Touching the 200-dma is not the sign of strength that most people would have you believe.
Scribbler, I'm honored by your visit! Do you have any thoughts on the
Coppock Curve that we're reading so much about on blogs recently?
For example, yesterday's
Traders Narrative contained the following:
"While we were in the thick of the 2008 bear market, I looked ahead and provided a road map for the
conditions of a new bull market. Among them was the Coppock Guide.
At the beginning of the year I provided a hypothetical projection to demonstrate that
the stock market would have to go on one hell of a
bullish rampage to pull the Coppock Curve up from its death spiral. A few months later, a rally that almost no one foresaw took us 40% higher.
Then at the beginning of May, I reiterated that a
Coppock buy signal would be arriving by the end of the month, as long as the market held it together and didn’t fall any further.
Well, we are finally here and the Coppock guide has provided a definitive signal by turning up - this is the buy signal that we had been anticipating:
I know, I know, it is impossible to see on the chart but believe me, it is there. To see a zoomed in view of the chart, check out the previous links. The S&P 500 Coppock Curve stopped going deeper into negative and actually increased from -417 at the end of April to -409 at the end of May 2009. All it would have taken was a one point increase but we got 8 points.
Now that we have a signal, what does it mean?
Well, obviously, it means we have the wind at our backs. The Coppock Guide has been a reliable indicator of the long term
market trend. But, like everything else, it isn’t full proof - as you can see from the false signals. So with that in mind, here are three major observations:
First: The signal isn’t just for one index or market. We are seeing the Coppock Curves for many different markets
around the world turn up at the same time. The Australian All Ordinaries, the Nikkei, the FTSE and all 3 major US market indexes: S&P 500,
Dow Jones Industrial and the Nasdaq.
While most of the signals are occurring concurrently, some like the (Chinese)
Shanghai market and the Nikkei gave signals last month. Check out all the major
world markets to see how just how much confirmation we are getting from them.
Second: Valid signals are those that turn up from under the zero line. And historically, the deeper the level at which the signal arrives, the more strength the following bull market has. This most recent signal is coming from a deeply oversold level - the most since 1938 (-417 to -400) and even further, 1932 (-643 to -616).

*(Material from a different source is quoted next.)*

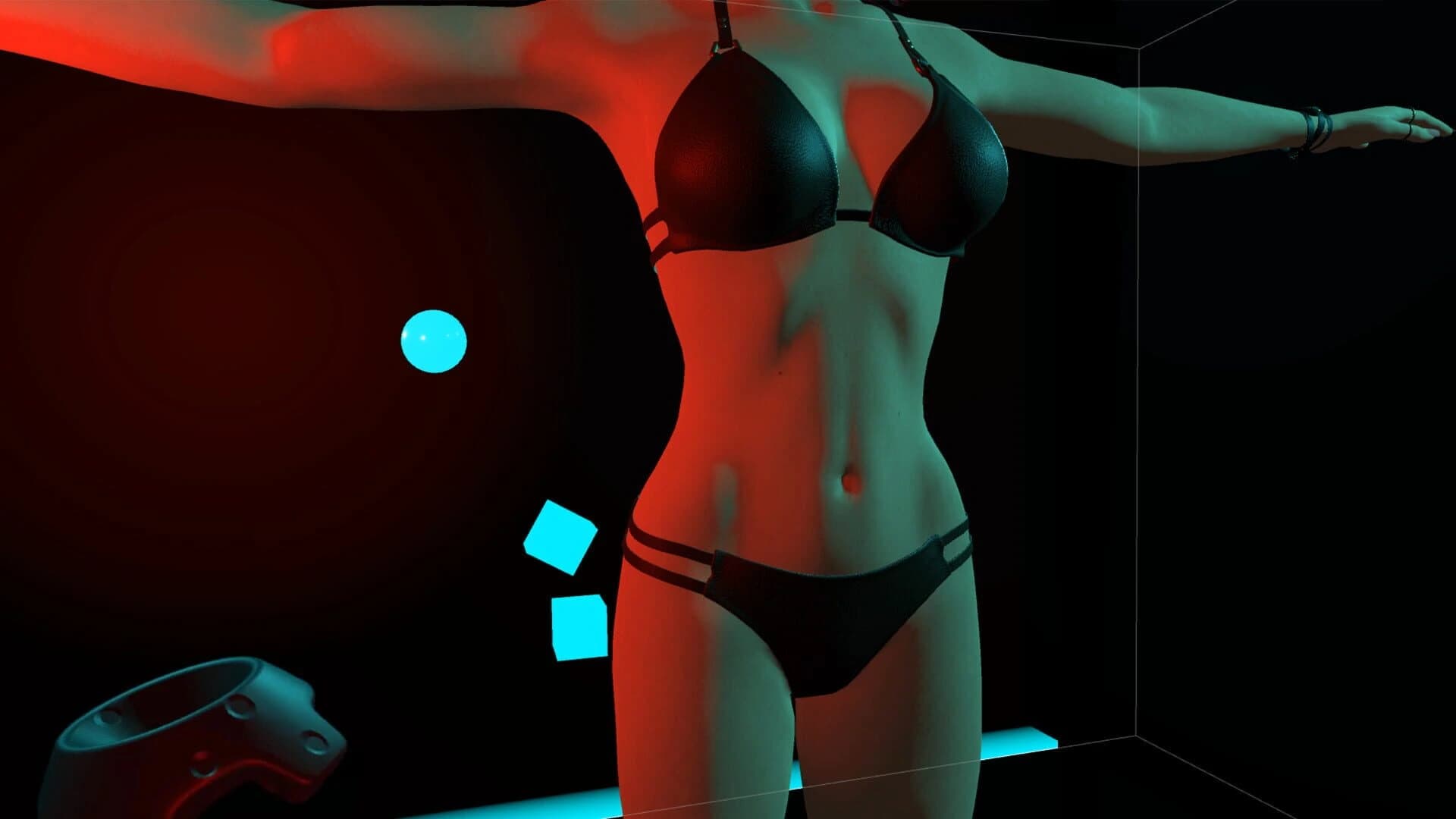 Girls Girls Girls VR (create + pose in vr) screenshot 4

Of course, that doesn’t mean that from now on the market has only one direction - up! Based on the sentiment and technicals covered before (
Wedge Formation), I think it is probable that we will head down, but won’t break the previous low. This will allow for the long term moving average to flatten out and begin to support, rather than hinder prices from going higher.
Third: Although the Coppock Curve has given its share of false signals, we haven’t seen any occur when the metric has curled up from such a deeply negative level. There are very few examples of this, so it is difficult to extrapolate a rule but so far, this has been the case."